Bishop Young Church of England Academy (formerly known as David Young Community Academy) is a state-funded academy sponsored by the Church of England in Seacroft, Leeds, West Yorkshire, England.

The school was named after David Young (1931-2008), a former Bishop of Ripon. The school was established on 18 September 2006 with pupils from Agnes Stewart Church of England High School and Braim Wood for Boys High School. These schools had both been in difficulties at the time of their closures.

In June 2009 it was announced by School Secretary Ed Balls that £3.3 million would be spent on the school to create a purpose-built base for army and air cadets.

Bishop Young Academy is part of the Abbey Multi Academy Trust. As of 2023, the trust includes eight primary and secondary academies in the Diocese of Leeds.

== Academic performance ==
The school's population in January 2008 was 920, with a sixth form of 65. At the same time the school had one of the worst attendance records in the country, and was 25th from the bottom for GCSE results. In 2009, a report to the Chief Executive of Education Leeds said that schools like "John Smeaton Community College and the David Young Community Academy have transformed standards and outcomes in areas of Leeds where in the past poor standards and poor outcomes were simply accepted as the norm".

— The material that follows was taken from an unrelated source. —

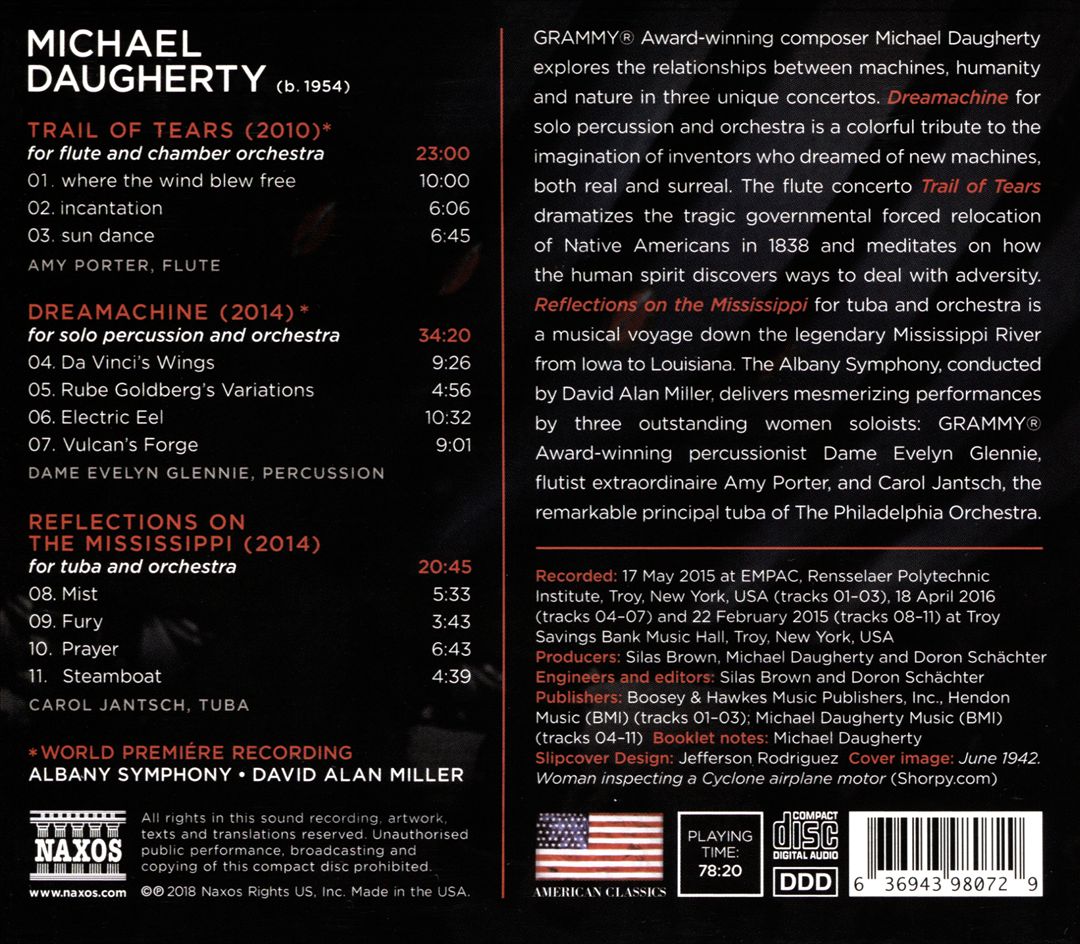 Michael Daugherty: Dreamachine; Trail of Tears; Reflections on the Mississippi cover art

In the final full Ofsted inspection of David Young Community Academy inspectors rated it inadequate in all four assessment criteria. Further to this they found that 'Leaders of the school and the academy trust have failed to fulfil legislative requirements relating to safeguarding and to health and safety'.

In a follow-up inspection by Ofsted in May 2016 the lead inspector 'strongly recommend[ed] that the academy does not seek to appoint newly qualified teachers', reflecting the poor nature of the school's academic performance.

In 2017 the school changed its name as part of a "Fresh Start". The school had previously been part of the LEAF Academy Trust. It became part of the Abbey Multi Academy Trust in May 2017.

The school's Progress 8 benchmark at GCSE in 2022 was −0.32, compared to 0.12 in Leeds as a whole and −0.03 nationally. 8% of children at the school were entered for the English Baccalaureate, compared to 41% in Leeds as a whole and 39% nationally. 40% of children at the school achieved grade 5 or above in English and maths GCSEs, compared to 51% in Leeds as a whole and 50% nationally. The school's Attainment 8 score in 2022 was 43, compared to 48 in Leeds and 49 nationally.

Following the school's change of name and governance, it was inspected by Ofsted in 2021, with the judgement of Requires Improvement. As of 2023, this is the school's most recent inspection.